Pathway to Optical-Cycle Dynamic Photonics: Extreme Electron Temperatures in Transparent Conducting Oxides

TL;DR

This paper reveals that transparent conducting oxides can exhibit ultrafast oscillatory optical responses at extreme electron temperatures, enabling new dynamic photonic applications on the timescale of a single optical cycle.

Contribution

It introduces a mechanism for ultrafast oscillatory dynamics in TCOs and demonstrates a multilayer cavity design supporting sub-cycle transmittance and refractive index oscillations.

Findings

Transmittance oscillations with a period of ~20 fs were achieved.

A TCO electron-acceptor layer enables refractive index changes as short as 9 fs.
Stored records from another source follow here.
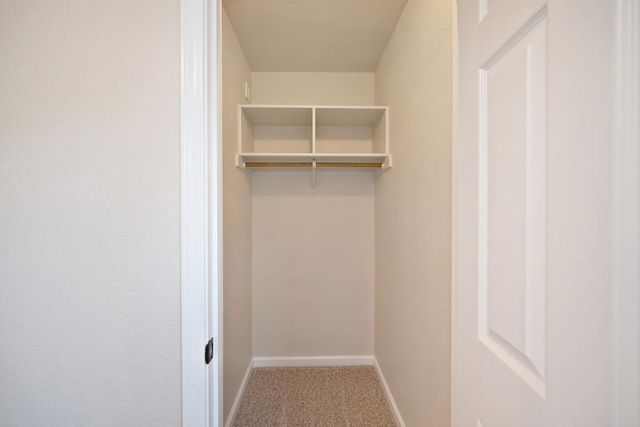 1608 Blue Squirrel Street, Roseville, CA 95747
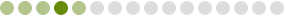 Section Locators
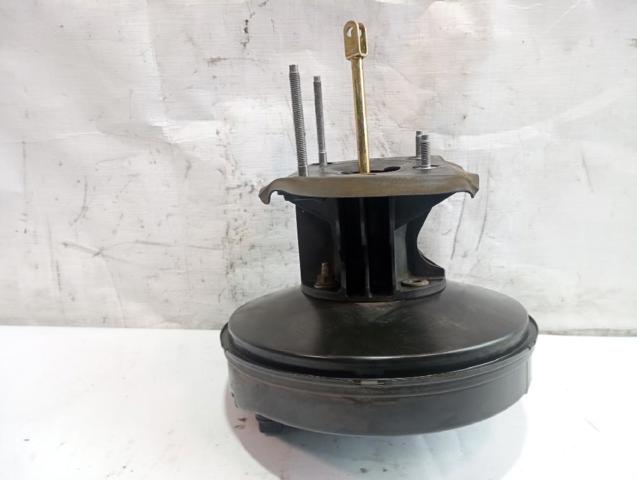 Servofreno de vacío 407  sedán (2004-2011) original desde 43,56 €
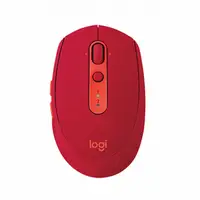 在飛比找PChome商店街優惠-LOGITECH 910-005298 羅技 M585 無線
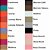 Tinta Spray Colorgin Arte Urbana 400ml - Imagem 5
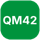 QM42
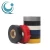 Import Custom color high voltage temperature automotive adhesive insulation PVC electrical tape log jumbo roll from China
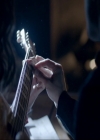 VampireDiariesWorld-dot-nl_7x19SomebodyThatIUsedtoKnow1674.jpg
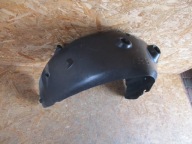 mudguard left rear. VIVARO B TRAFIC III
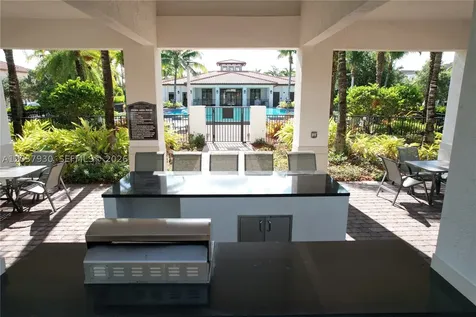 15404 SW 175th Street Miami FL 33187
TCO-based thermionic carrier injection can create time-varying photonic media.

Abstract

We find that transparent conducting oxides (TCOs) exhibit oscillatory (sign-reversing) dynamics on a few optical cycle timescale under extreme electron temperatures. We demonstrate a mechanism for such transient dynamics and present an inverse-designed multilayer cavity incorporating an ultrathin TCO layer that supports the oscillatory behavior. This approach yields transmittance oscillations with a period of ~20 fs, which corresponds to three optical cycles of the probe beam. To achieve a similar oscillatory modulation in the refractive index, we incorporate a TCO electron-acceptor layer on top of the inverse-designed cavity, enabling thermionic carrier injection at the TCO heterojunction. The resulting acceptor layer achieves a striking {\Delta}n response time as short as 9 fs, approaching a single optical cycle, and is further tunable to sub-cycle timescales. The findings not only clarify the elusive transient physics in TCOs but also demonstrate, for the first time, the critical role of electron temperatures in driving oscillatory dynamic responses. More broadly, we establish TCO-based thermionic carrier injection as a practical route to novel time-varying photonic media operating on the timescale of an optical cycle, enabling time-reflection, time-refraction, and related dynamic phenomena from the visible to the infrared.